Agissez ainsi, surtout à l'heure qu'il est. Remerciez le bon Dieu, mes amis, d'être nés à cette époque, au milieu de ce monde. Plus il est perverti, plus il y a à gagner pour nous. Ces jours derniers, je rencontre le curé de Buchères, un vénérable prêtre de 82 ans. Il me dit: “J'ai toujours demandé à Dieu la grâce d'avoir une mauvaise paroisse”. —“M. le curé, vous avez été bien servi, une paroisse où il y a eu quatre ou cinq gros scandales”. —“Oui, effectivement. Je pensais: Tu n'es pas capable de conduire à la perfection des âmes saintes. Au milieu de mauvaises gens, au moins, tu pourras encore leur donner le bon exemple et te dire de temps en temps: En somme, c'est encore toi, probablement, que le bon Dieu aime le mieux ici”.
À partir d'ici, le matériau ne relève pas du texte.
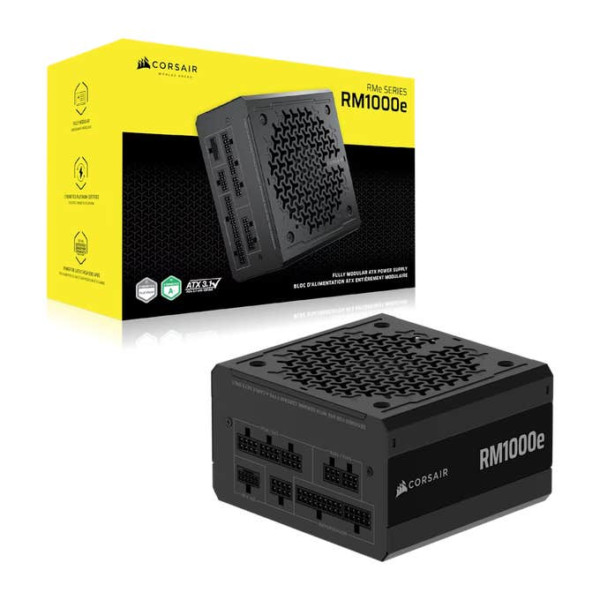 CORSAIR RMe Series RM1000e (2025) Fully Modular Cybernetics 80+ Gold - 1000W - ATX 3.1 PCIe 5.1 ATX Power Supply - CP-9020297-UK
Vous, mes amis, vous n'avez pas à demander une pareille faveur: il y a assez de mauvais
drôles par le monde. Soyez près d'eux comme les anges du Ciel qui passent à travers les souillures d'ici-bas sans y ternir leur blancheur, sans laisser leur intelligence s'obscurcir ou leur volonté s'attiédir. Et pour cela, mettez-vous à votre Directoire de toute votre âme. Appliquez-vous à le comprendre, à l'aimer, à le faire goûter des autres. Marchez ainsi dans la voie de l'obéissance, en toute simplicité. Pas de recherche de nous-mêmes, pas de vues humaines. L'humain se corrompt, périt et tourne au détriment des œuvres dont on est chargé. Si au contraire, c'est Dieu seul que vous cherchez, il vient à vous, il apporte la lumière, il se fait votre inspirateur. Ce n'est plus vous qui agissez. Votre pensée, votre vouloir deviennent ceux du Sauveur.

Quels sont ceux qui seront saints parmi nous? Combien y en aura-t-il qui s'en iront là-haut, escortés d'un grand nombre d'âmes, pour jouir de la vision divine et monter de clartés en clartés, jusqu'à la vie intime de Dieu? Ceux qui auront été fidèles au Directoire. Je l'ai expérimenté longtemps à la Visitation: le thermomètre de la sainteté, c'est le Directoire. Et les fidèles eux-mêmes, initiés à cette méthode par les encouragements d'un confesseur prudent, verront leurs mérites grandir avec leur persévérance dans cette voie. Dieu est fidèle, et la vie du Directoire est la vie de fidélité constante à Dieu.

Je suis vieux, mes amis, je ne sais plus que cela. J'en vis, j'en nourris mon âme et mon cœur.
Qu'on ne vienne pas dire que la doctrine de saint François de Sales qu'avec lui il n'y a rien à faire. Si l'on ne se lève pas à minuit, on tient du moins son cœur constamment uni à Notre-Seigneur, on s'endort en pensant à lui. Si nous ne jeûnons pas, nous recevons notre nourriture de la main du Sauveur avec reconnaissance, et les privations, avec patience et amour. Quand tout va bien, nous l'en remercions, dans la tristesse, nous nous appuyons sur lui.

C'est bon, l'Oblat! Partout on me le répète: “Comme c'est beau quand on est bon Oblat. Il n'en faudrait pas un grand nombre de vrais pour faire un bien énorme dans le monde”. Ce n'est pas que nous n’ayons rien d'extraordinaire, mais avec notre fidélité nous attirons la grâce, et quand Dieu est là, on est tout puissant. Sans doute, il y aura toujours des âmes rebelles. Notre-Seigneur lui-même n'a pas touché tous les cœurs. Mais ceux qu'il nous donnera, nous les sauverons, nous les élèverons jusqu'à la correspondance entière à la volonté divine.

Encore une fois remercions Dieu de la grâce d'être Oblats en des circonstances aussi périlleuses. En un autre temps, vous auriez déjà bien à remercier. En celui-ci, il faut vous confondre en actions de grâces. Quand le Sauveur agonisait sur sa croix, qui est-ce qui s'est approché? Saint Jean, l'Oblat du collège apostolique, notre modèle. Je n'exagère pas, mes amis, je reste dans la rigueur des enseignements théologiques: le Directoire, c'est la doctrine de saint Jean, c'est celle de saint Paul. C'est la doctrine de saint Augustin, de saint Bernard, de saint Thomas. Méditez ces paroles que je vous adresse: elles sont esprit et vie. “Je n'ai pas tiré cela de mon cerveau”, assurait saint François de Sales. Alors vous serez, vous aussi, parmi les disciples que Jésus aime. La grâce des saints vœux confirmera en vous ce privilège, nombre d'âmes en profiteront et obtiendront par vous ce royaume promis à ceux qui accomplissent la volonté de Dieu.

Soyez bénis, mes amis, et restez fidèles à celui qui vous a aimés le premier, et qui veut vous combler aujourd'hui des preuves de sa libéralité. Ainsi soit-t-il.